Dünyanın bir yerinde yaşamakla ilgili, hayâllerle ilgili ya da ilerlemekle ilgili (geriye doğru olduğu anları unutmadan) istekler çok güçlü bir “aynılığa” [1] çarpar. Ânın içindeki bir soru, farkındalığın omuzlara yüklenişi ve ayaklanma(k) gereği kişiyi sarsar. Bu sarsmak ifadesi alımlayıcıyı yanıltmasın. Ayaklanmak isteyenin bedeninin konumunu değiştirmesi salt aynılıkta eriyebilir. Dememiz o ki beden sadece değişmiş olarak kalır, hatta bu durum neredeyse kişiden bağımsız oluşur. Sadece ayaklanmış, yer değiştirmiş ya da farkında olmak imlenen şeydir. Tam buradan ifademizi The Delinquents’e (2023) yaklaştırmak gerekir. Film, gündeliğin sıradan uyanış ifadeleriyle başlar. Kıyafetler giyilir, kendine-kendiliğe bakılır, yola çıkılır, kalabalığa karışılır. Buenos Aires’deki bir bankada çalışan Morán, kapitalin tekrarlayan işleyişinde paraların kasalardan içeriye taşındığı ânın içinde görünür. Bankanın içinde toplanan olay örgüsünün buraya kısıldığını düşünen alımlayıcı / izleyici için yaratının düzlemi farklı şeyler düşünür. Nereye akacağını bilen ve süresiz akan bir film vardır karşımızda. Bir şekilde aynılığın içinden büyük bir dünya (sıradan olduğunu bilen) yaratılır. Dünya işte dedirtecektir ama kime veya niye?

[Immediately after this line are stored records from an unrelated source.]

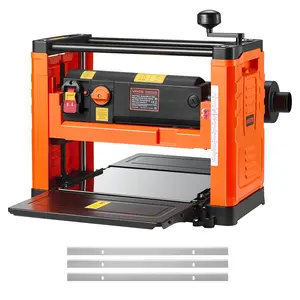 VEVOR Thickness Planer, Two Speed, 13-Inch Width Worktable Power Benchtop Planer, Three-Blade, 2000W 23500 RPM Powerful Motor, Dual Rollers, Over Protection, Woodworking for Hard Soft Wood Material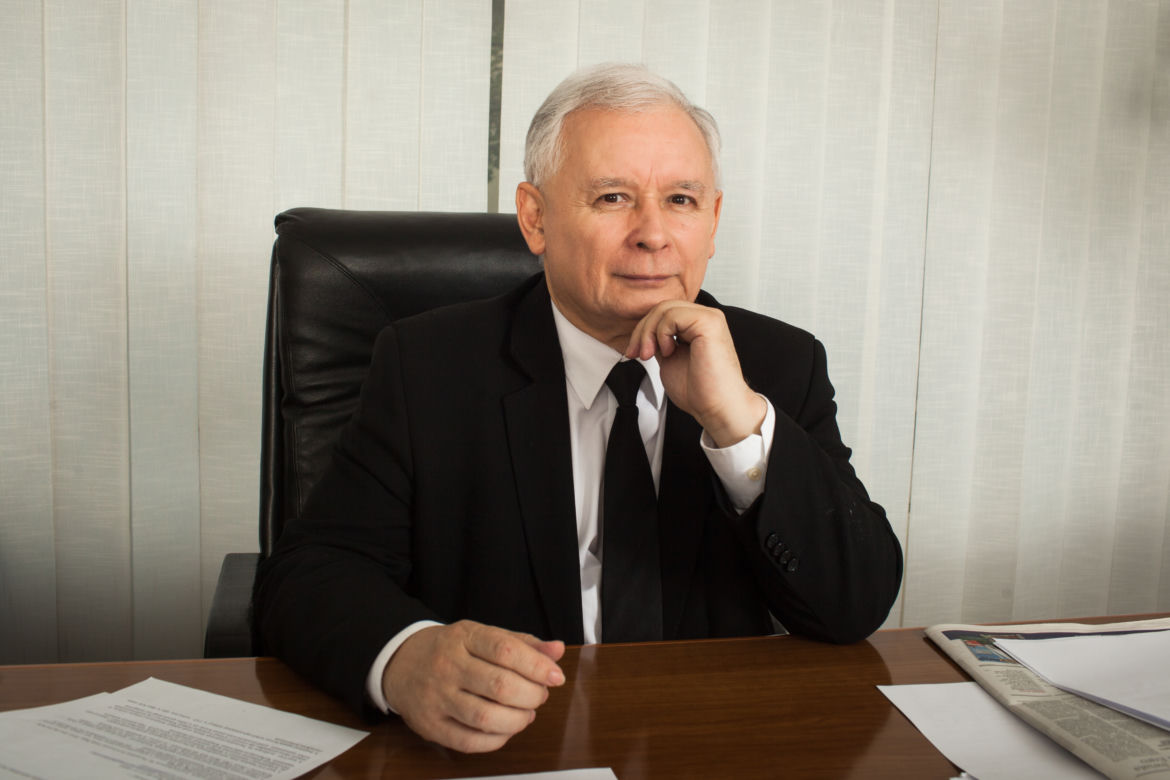 Tu będzie siedział Kaczyński
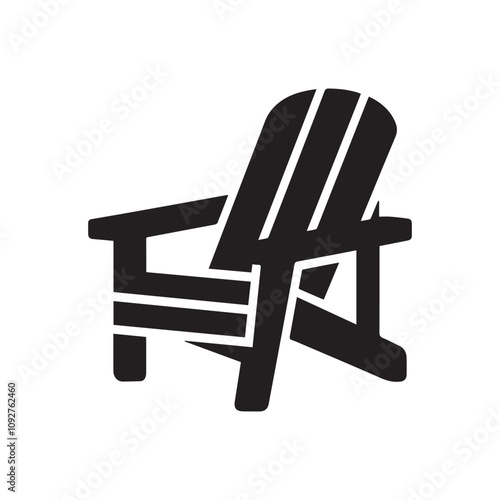 Adirondack deck chair icon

Aynı Şeyler: Hapishane ve Banka

Morán çalıştığı bankayı soymaya karar verir. Soymak ister çünkü şeylerdeki anlamsızlığı, senelerce çalışsa bile yeteri kadar parası olmayacağını ve buna bağlı olarak yaşa(ya)mayacağını görür. Planlanmış ve garip tesadüflerden oluşan banka içi durumlarda Morán, soygunu başarır. Büyük bir işin başarıldığını gösteren yüz ifadesiyle şehrin içinde dolaşır. Eve gelir ve paraları çantasına atıp tekrar dışarı çıkar. Açının onu sıkça gözetlediği anda Morán birini bekler. Bankadan arkadaşı Román’la buluşur ve çaldığı parayı ona teslim edeceğini, işlediği suçu polise söyleyip hapse gireceğini söyler. Buradaki plan şu şekildedir: Morán, suçunun cezasının üç buçuk yıl olduğunu belirtir. Bu süre içinde parayı Román’ın saklamasını, bunu başarırsa parayı eşit şekilde böleceğini söyler. Román’ın şaşkın ve şeylerdeki sıradanlığı gören ifadesinde yaratının net dinamiklerinden ilki [2] başlar. Yaratının pozu bir suç janrıyla başlayacak gibi gözükür. Bir taraf parayı saklama çalışmalarına başlar, diğer taraf Alpa Corral’a teslim olmaya gider. Bankada çalınan paradan haberdar olur, absürt ifade kişilerini birbirine yaklaştırır. (Soygun öğrenildiğinde varlıkların şaşkın olmayışı dikkat çeker.) Yaşananların ivmesi hızlanır, bir hikâye anlatımının çok güçlü ve mesafeli [3] örnekleri yaratılır. Sıkça ikiye bölünen ve yaşamın aynılığından (onlarca ve dünyayı kaplayan kısımda) kopmayan yaratı, ifadesinin trajikomik imleyişiyle şeylerini göstermeye başlar.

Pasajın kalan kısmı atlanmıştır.